WORK REQUIRED ->
Write the records below out in full, character for character, with no pictures.

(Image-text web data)

☆ ☆ ☆ ☆ ☆

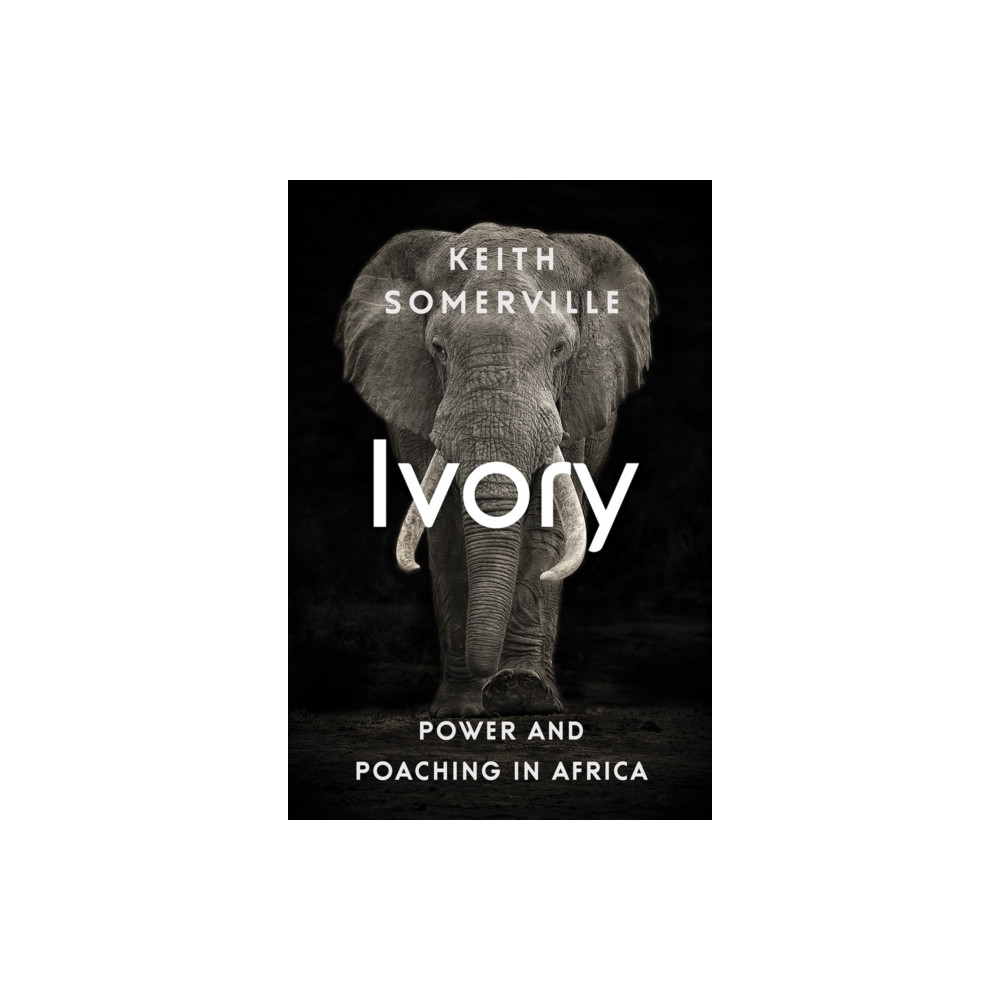 Produktbild för Ivory (häftad, eng)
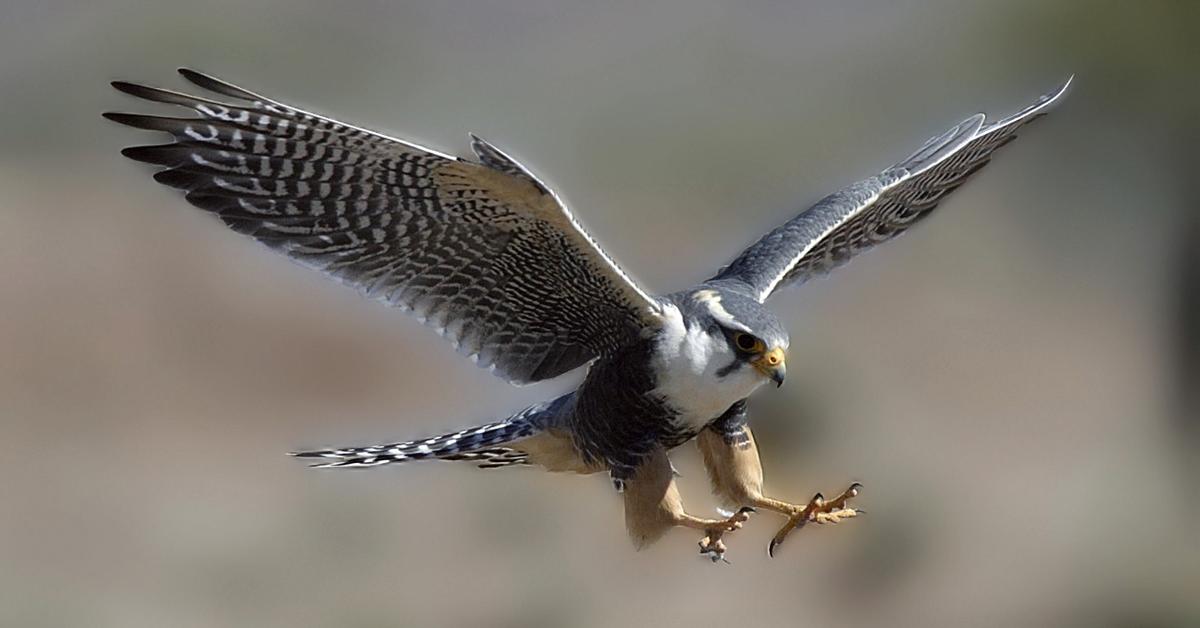 Dynamic image of the Falcon, popularly known in Indonesia as Elang.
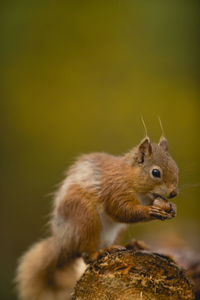 Close-up of squirrel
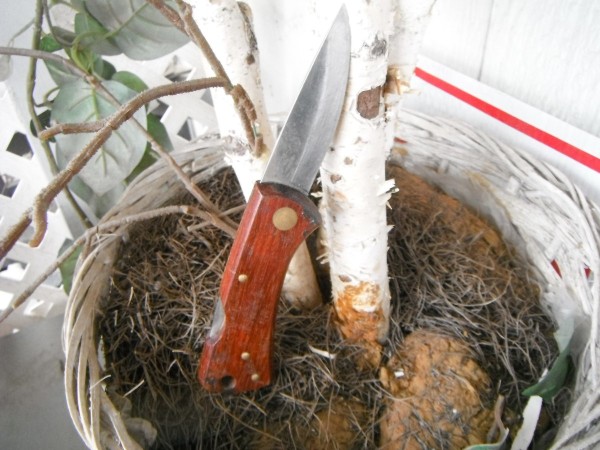 DSCF6860.JPG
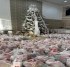 Feliz Natal!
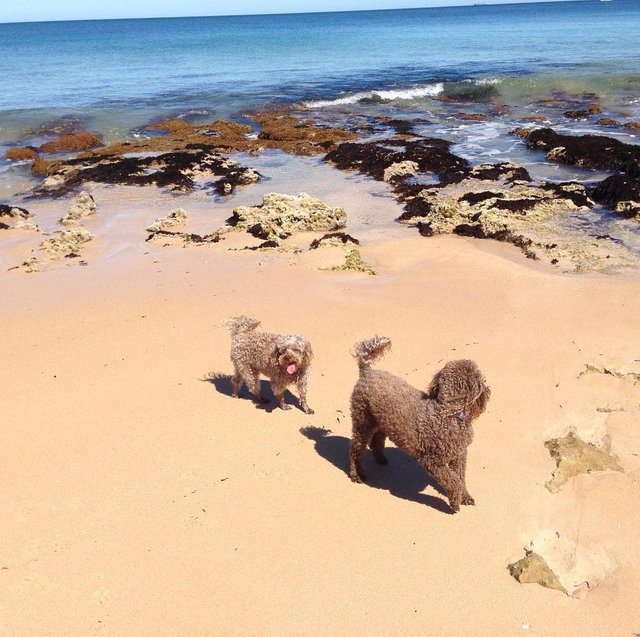 George and Daisy beach xmas eve 2017.jpg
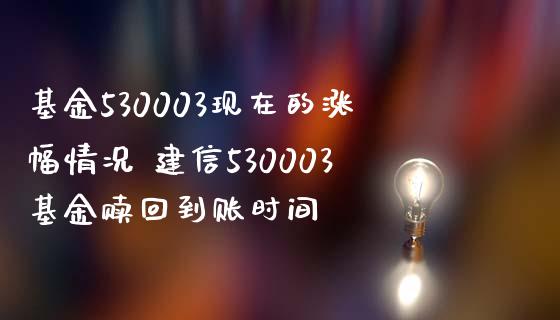 基金530003现在的涨幅情况 建信530003基金赎回到账时间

☆ ☆ ☆ ☆ ☆

RESULT OF THE TASK ->
 Produktbild för Ivory (häftad, eng)
 Dynamic image of the Falcon, popularly known in Indonesia as Elang.
 Close-up of squirrel
 DSCF6860.JPG
 Feliz Natal!
 George and Daisy beach xmas eve 2017.jpg
 基金530003现在的涨幅情况 建信530003基金赎回到账时间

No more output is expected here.